**REQUIRED WORK**
Leave out the pictures and copy everything else in the entries exactly.

**DATA TO EXAMINE**
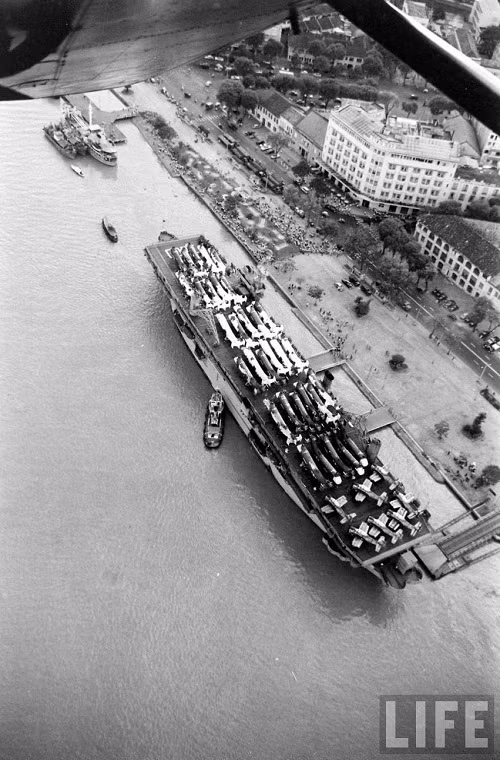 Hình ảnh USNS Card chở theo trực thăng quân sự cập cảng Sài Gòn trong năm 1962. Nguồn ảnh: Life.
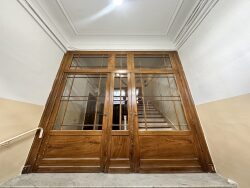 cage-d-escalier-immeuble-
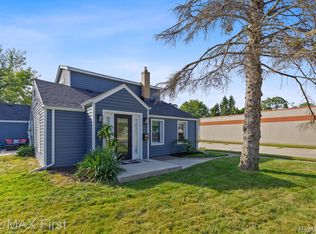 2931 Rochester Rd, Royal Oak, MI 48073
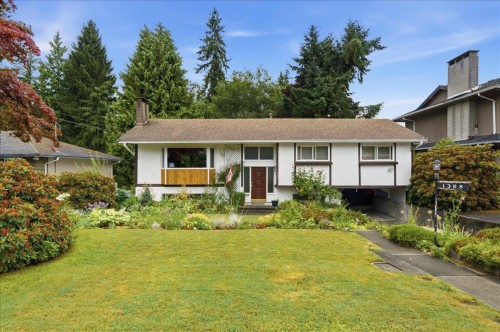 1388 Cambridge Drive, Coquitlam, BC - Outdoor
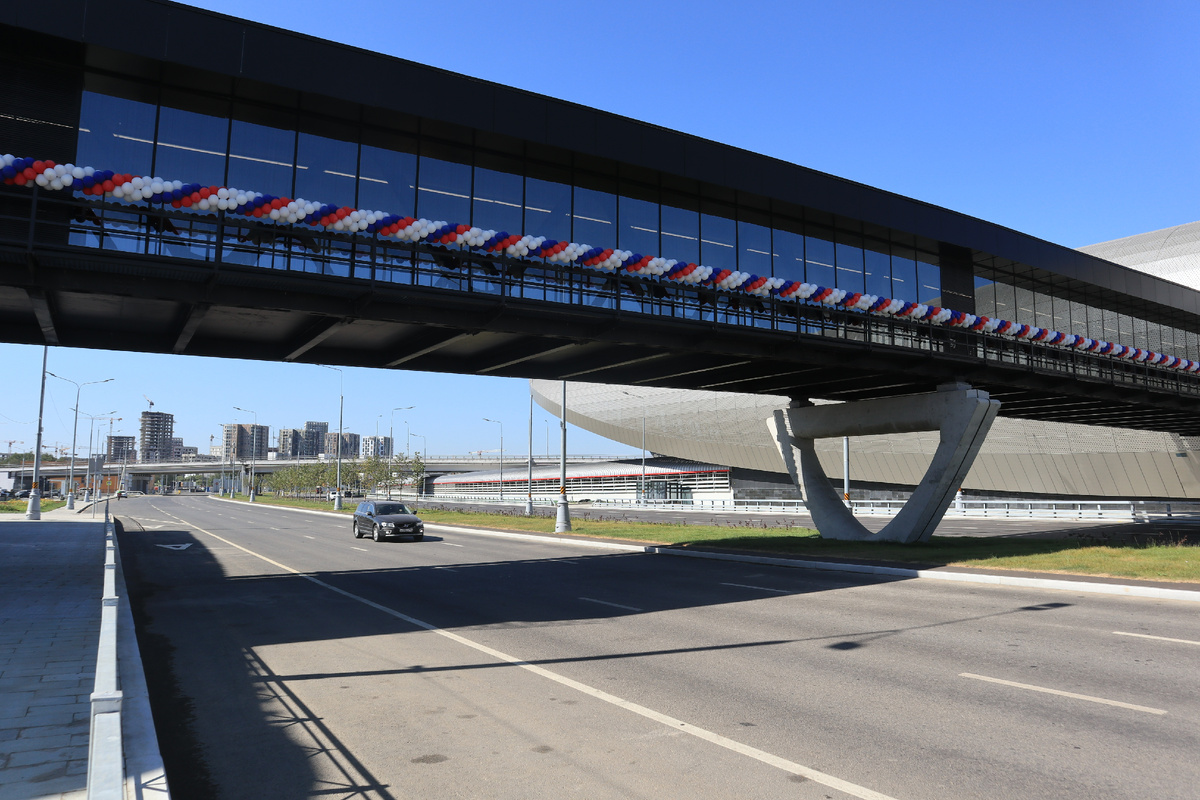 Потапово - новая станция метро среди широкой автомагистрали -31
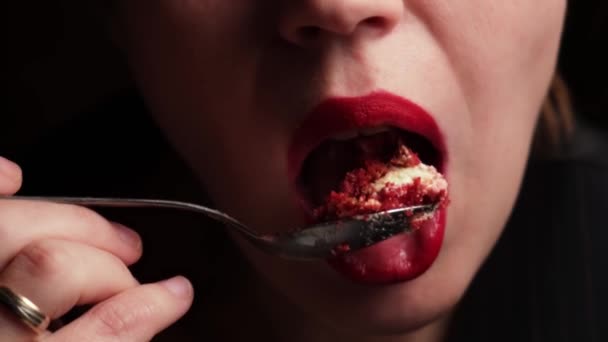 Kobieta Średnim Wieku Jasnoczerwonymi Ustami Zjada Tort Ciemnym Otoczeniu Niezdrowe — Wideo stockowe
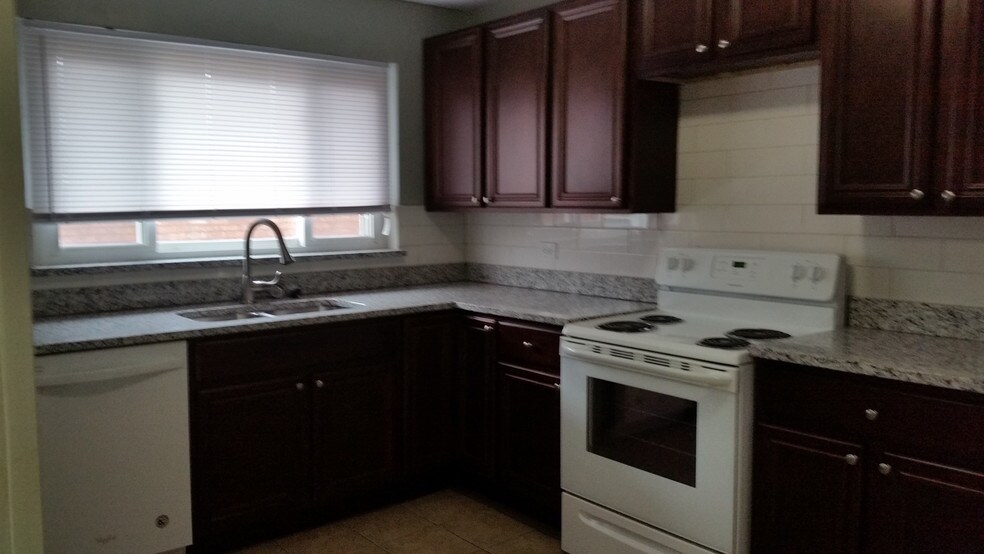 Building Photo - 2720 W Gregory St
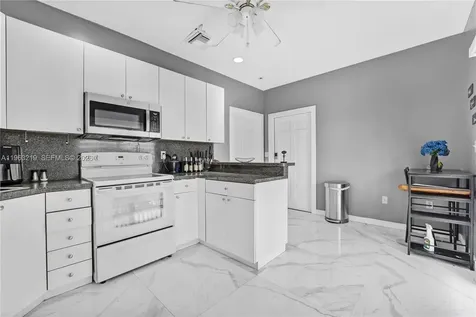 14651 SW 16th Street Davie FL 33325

**RESPONSE BOX**
 Hình ảnh USNS Card chở theo trực thăng quân sự cập cảng Sài Gòn trong năm 1962. Nguồn ảnh: Life.
 cage-d-escalier-immeuble-
 2931 Rochester Rd, Royal Oak, MI 48073
 1388 Cambridge Drive, Coquitlam, BC - Outdoor
 Потапово - новая станция метро среди широкой автомагистрали -31
 Kobieta Średnim Wieku Jasnoczerwonymi Ustami Zjada Tort Ciemnym Otoczeniu Niezdrowe — Wideo stockowe
 Building Photo - 2720 W Gregory St
 14651 SW 16th Street Davie FL 33325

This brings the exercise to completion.